I need to convert the given list of ordered dictionaries in a different format with minimal time complexity. Code for reproducing example:

import csv
from collections import OrderedDict

list_of_dicts = [OrderedDict([('key_a','value_a'),('key_b','value_b')]), 
                 OrderedDict([('key_a','value_c'),('key_b','value_d')]),
                 OrderedDict([('key_a','value_e'),('key_b','value_f')])]
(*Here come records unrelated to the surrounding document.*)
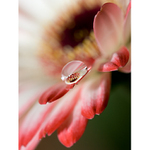 Through the magnifying eye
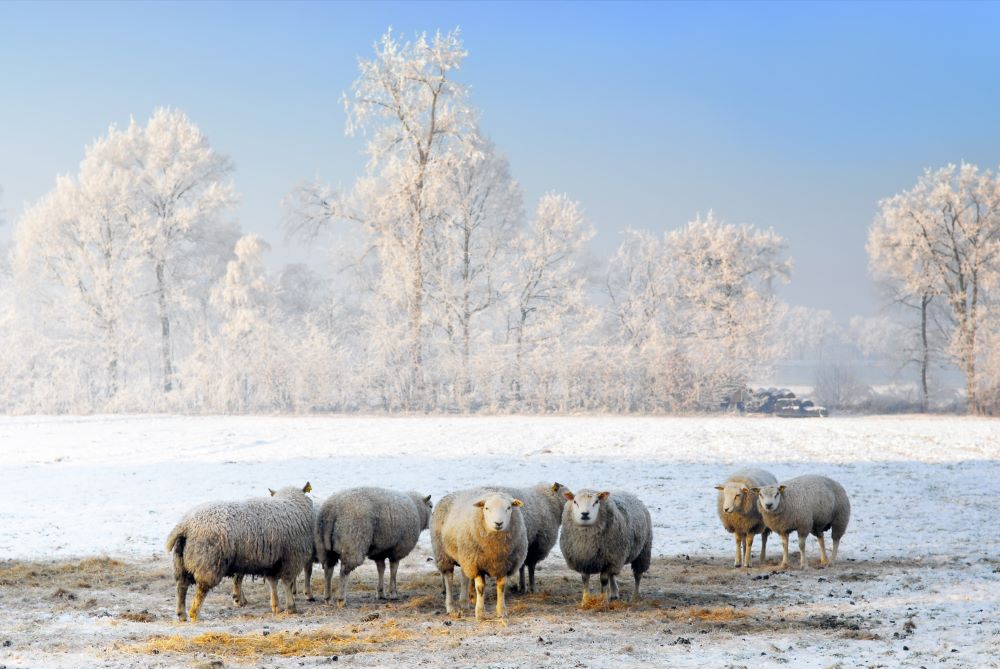 The-Farming-Year-December Chestnut Mill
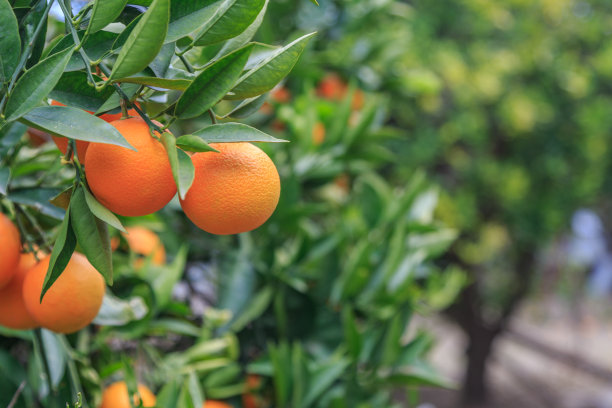 oranges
Need to convert the above to the following (WITHOUT USING EXPLICIT FOR LOOP):

convertedDictionary = [OrderedDict([('value_a','value_b')]),
                       OrderedDict([('value_c','value_d')]),
                       OrderedDict([('value_e','value_f')])]

Answer 1

first step: get the lists: simple enough mapping dict.values to the dicts:

>>> list(map(dict.values,list_of_dicts))
[['value_a', 'value_b'], ['value_c', 'value_d'], ['value_e', 'value_f']]

Now for the final result, without loops, the only alternative is map with lambda but it's ugly

>>> list(map(lambda x : OrderedDict((x,)),map(dict.values,list_of_dicts)))
[OrderedDict([('value_a', 'value_b')]),
 OrderedDict([('value_c', 'value_d')]),
 OrderedDict([('value_e', 'value_f')])]

which is much better (and probably faster) with an outer list comprehension:

[OrderedDict((x,)) for x in map(dict.values,list_of_dicts)]

note: why using OrderedDict if you only have 1 value per dictionary? why storing only one value per dictionary? Unless this is an initialization step, the data model looks dubious.